It is that time of the year again, wow, didn’t that happen fast?
Christmas is my favourite time of year, for me it is a time of joy and connection with the ones I hold dear, an opportunity to relax and unwind after the year behind, an opportunity to be present, connect and send out some of that peace and light I have in my little old heart!
It is also (unfortunately) a time of mass consumption and waste, and if you are not careful you could find yourself swept up in the madness feeling less grounded, less present, and not really shining much light, at all.

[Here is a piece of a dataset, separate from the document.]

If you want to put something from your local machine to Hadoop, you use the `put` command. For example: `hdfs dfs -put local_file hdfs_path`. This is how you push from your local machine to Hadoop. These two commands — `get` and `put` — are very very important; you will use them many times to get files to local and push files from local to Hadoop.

I have put together a little guide on how we can have a mindful little christmas, one with our heartspace, family, community and dear planet in mind!
1. Staying present.
First and foremost, stay present. To try not to not get swept up in the madness, we need to stick to our own mindfulness rhythms. Staying grounded and centred and continuing that magic practice called self love will get us through.
Practice mindful eating, go for walks in nature, regularly, starting your mornings with yoga and breath work is a wonderful way to greet the sun. And don’t stop journalling! – this will keep your head clear and your heart open.

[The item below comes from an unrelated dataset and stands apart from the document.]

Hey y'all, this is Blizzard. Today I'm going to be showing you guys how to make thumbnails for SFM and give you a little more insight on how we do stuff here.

Setting boundaries with family members may sound tricky but is so important. If you don’t, you may just find your kids unwrapping a tonne of plastic toys you didn’t quite sign up for, with loving thanks to well meaning family and friends.
Suggesting family experience gifts everyone chips in for, is a great one and something for your family to look forward to in the new year. Asking granny to knit the kids cute jumpers for next winter, or even suggesting plants or gardening equipment where the whole family brings one thing to add to the gift. These are all fun ways you can respectfully suggest other non plasticy options.
Also outlining the amount of time you are willing to spend at each gathering. And being clear with yourself about how much emotional energy you have to give is also, very, important.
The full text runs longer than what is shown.